How do molecules recognize each other? We heard a lot about that, because in biology, any function starts first with a recognition process. Then how do they react with each other? How can they carry each other through a membrane? And recognition is the basis of this. But we think a bit more about what
happens beyond supramolecular chemistry. What can we learn from it? It is quite obvious, but it was taken for granted for many years, that supramolecular chemistry is a dynamic chemistry inasmuch as the pieces linked together by these non-covalent, rather labile interactions.
These pieces can exchange, and therefore, a supramolecular object can undergo variation in constitution by exchanging its components. Now, this then led to the idea that, in fact, this is a dynamic chemistry which relies on non-covalent, labile interactions
to exchange the pieces. The next step was to see whether or not one can introduce these dynamic features residing in the constitution of the object to molecular structures. And indeed, this can be done if a molecule is constituted by atoms linked through non-stable bonds, same bonds
which can break and then exchange also pieces. That was something a bit disturbing, because when you make molecules, you want them to be stable. And if they're not stable, you usually cool them down in a fridge or whatever just to keep them from breaking up.
But you can ask the question, let's turn the question around and see what would happen if you now make molecules which do the reverse, which exchange their pieces. And this then led to the idea that there must be perhaps an interest in studying a dynamic covalent chemistry. You can then combine these two under the same title,
the same roof, and calling this a dynamic chemistry residing in the constitution of the chemical object. That chemical object can be molecular, or it can be super molecular. So it is a dynamic chemistry based on the constitution of the chemical object.

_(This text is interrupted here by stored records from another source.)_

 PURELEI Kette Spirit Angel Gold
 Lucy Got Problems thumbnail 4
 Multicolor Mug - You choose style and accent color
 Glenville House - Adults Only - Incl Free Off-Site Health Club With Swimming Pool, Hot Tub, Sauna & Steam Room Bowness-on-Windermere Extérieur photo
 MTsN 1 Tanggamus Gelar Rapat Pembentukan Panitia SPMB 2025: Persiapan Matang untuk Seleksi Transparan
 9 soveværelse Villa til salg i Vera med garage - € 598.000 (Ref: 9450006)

And this opens then the possibility that your entities may be able to adapt, to open the possibility of an adaptive system where the system might respond in its constitution by exchanging its components to stimuli of physical nature or to chemical effectors.

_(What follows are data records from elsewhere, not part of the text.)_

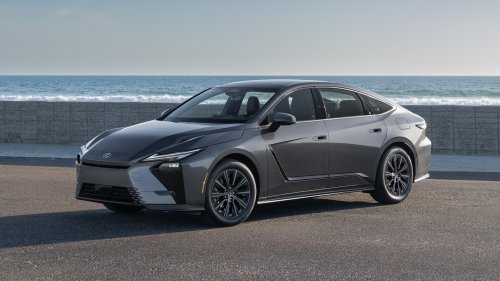 2026 Lexus ES First-Drive Review: An Honest Luxury Sedan, Now in EV and Hybrid Flavors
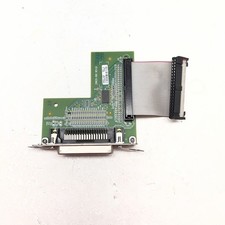 Zebra S4M 29831-002 Thermal Printer Interface Board Parallel C1 picture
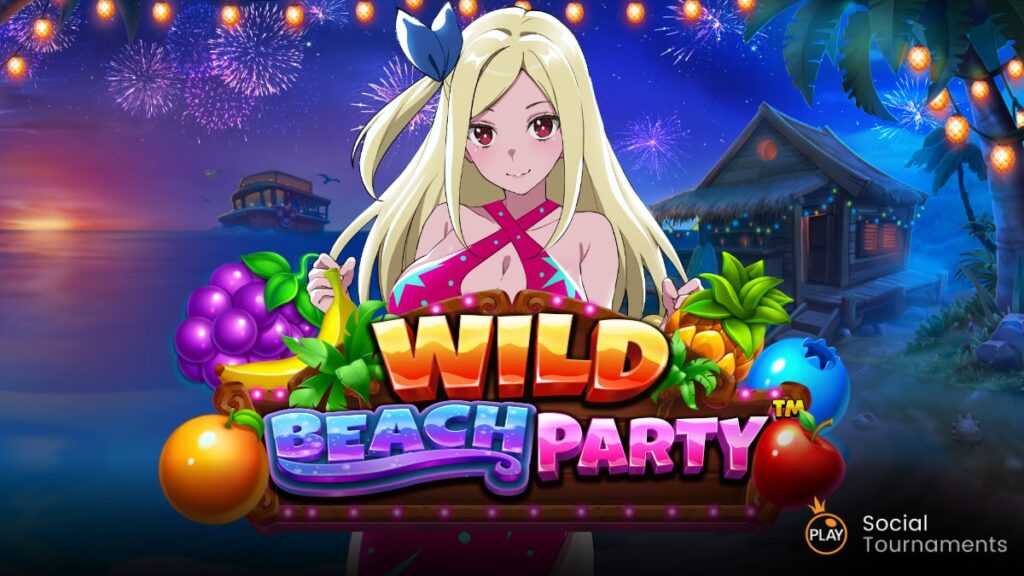 Wild Beach Party สล็อตเว็บตรงสุดฮิต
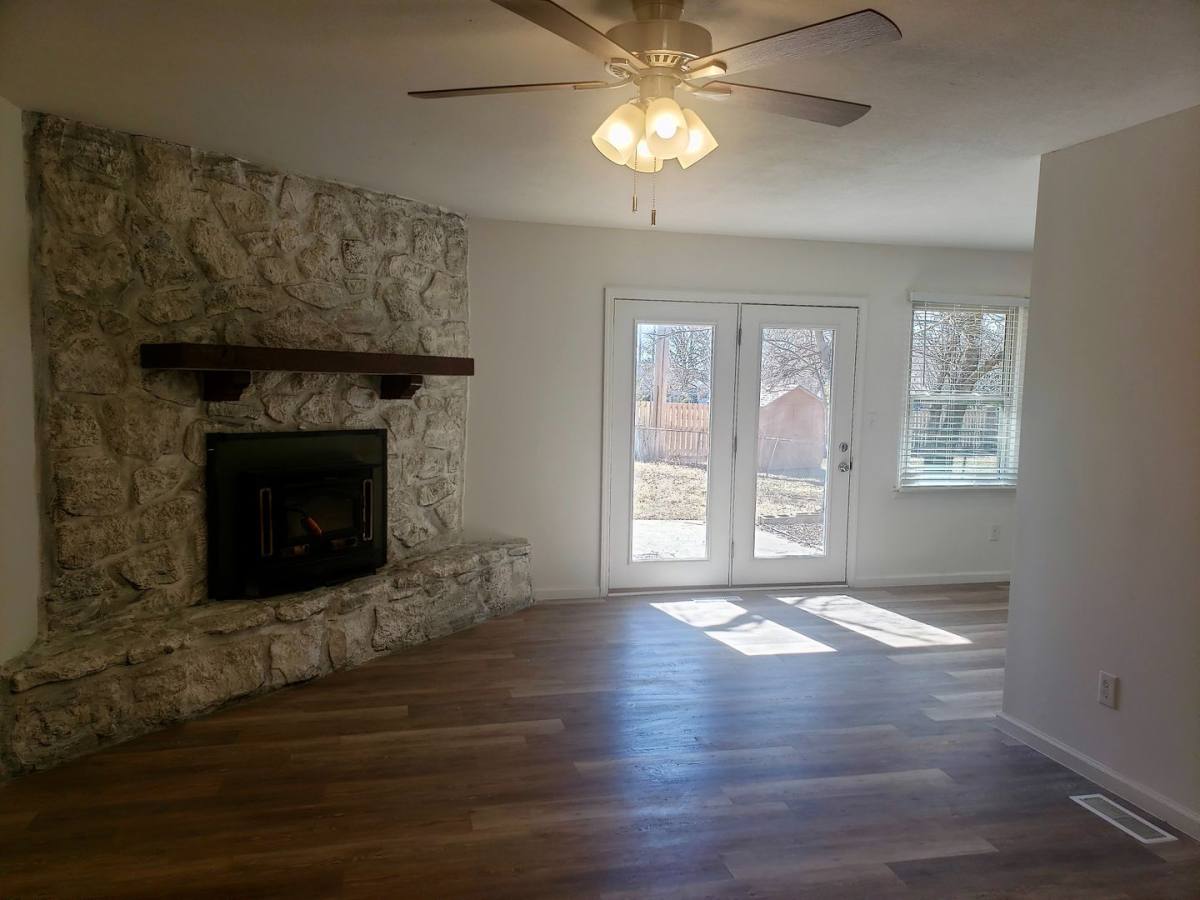 House for rent at 1424 E Hanover, Springfield, MO 65804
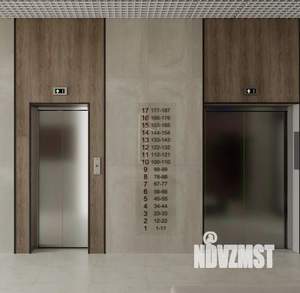 3-к квартира, вторичка, 75м2, 6/17 этаж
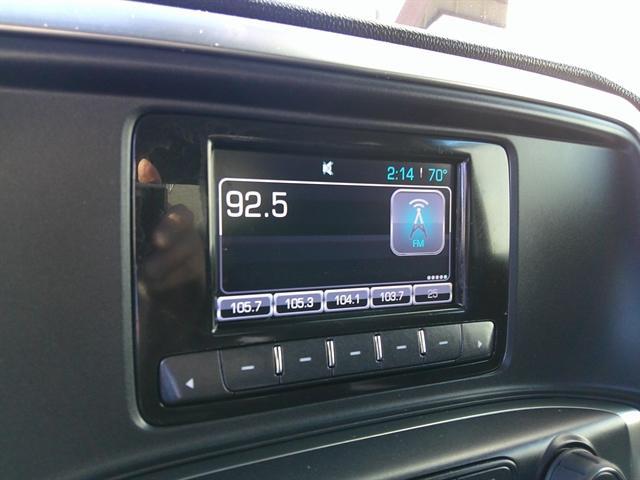 used 2015 Chevrolet Silverado 1500 car, priced at $21,551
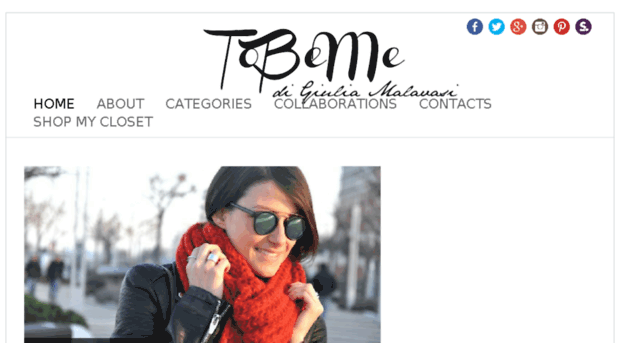 tobeme-giuliamalavasi.com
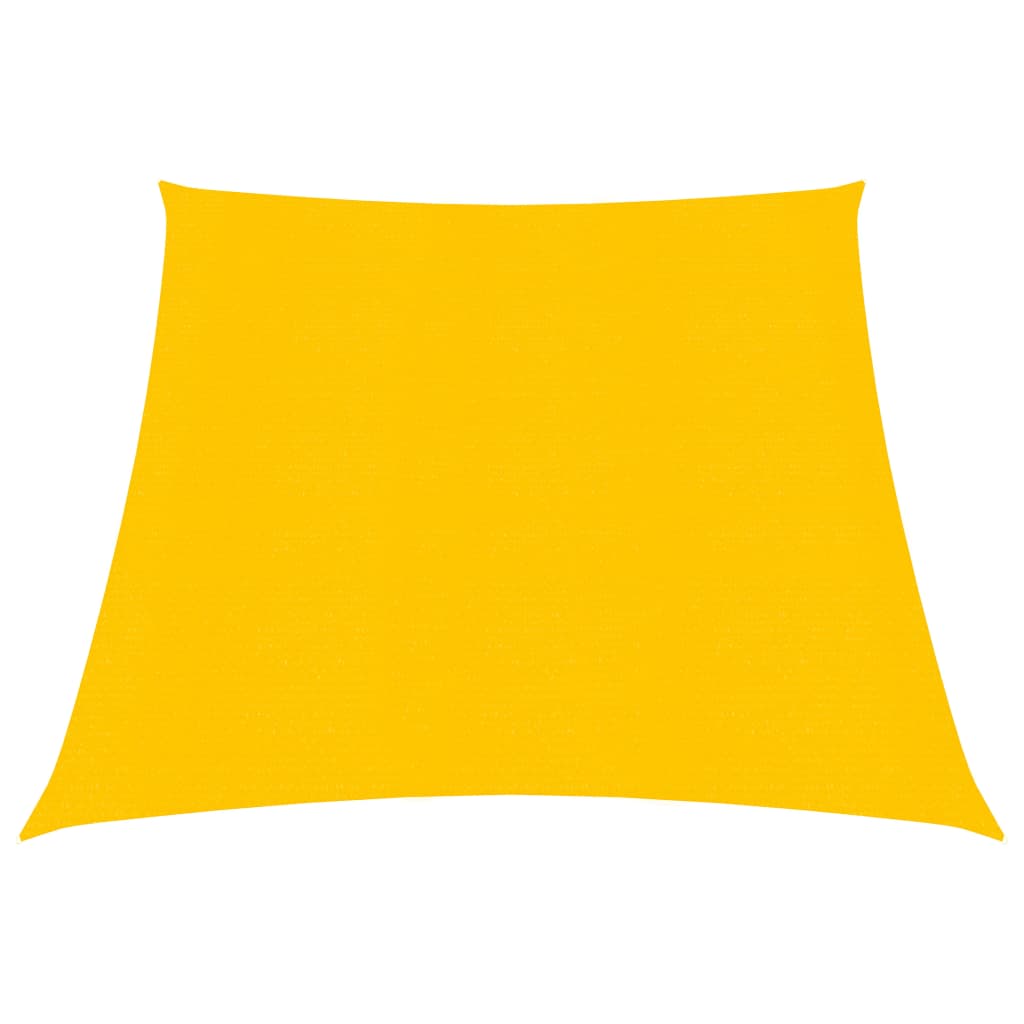 Aurinkopurje 160 g/m² keltainen 3/4x3 m HDPE - Sisustajankoti.fi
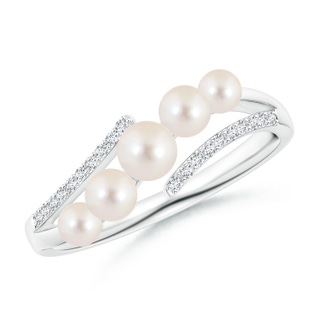 Round AAAA Freshwater Cultured Pearl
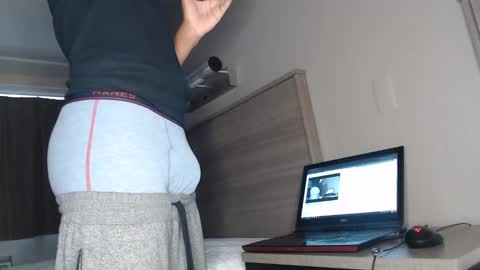 ChrisVacherx online show from January 25, 9:14 pm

And that opens possibly the road to an adaptive chemistry. Now, this constitution dynamic chemistry, what is it good for? First of all, it makes a mess. It makes a mixture. But you may call now a library. Of course, a much nicer name. In older times, you call that a mess and you throw it away.
But now we think that it might be very interesting to study the diversity generated. And indeed, this generates diversity on both the super molecular and the molecular level. And that makes possible something which is also a term which perhaps for biologists is more common, but which is interesting. The fact that you can select pieces,
you can select different constitutions of interest for biologically active substances, discovery of biological substances which are active, and implementing dynamics in nanodevices, and also perhaps making dynamic materials
like dynamic polymers. I will only discuss two parts of it, the biologically active substances and the dynamic materials. First, you have to choose a reversible chemical reaction. There are many. We have mostly studied an emblematic one, which is a condensation of a carbonyl with an NH2 giving an imine. That's a nicely reversible reaction.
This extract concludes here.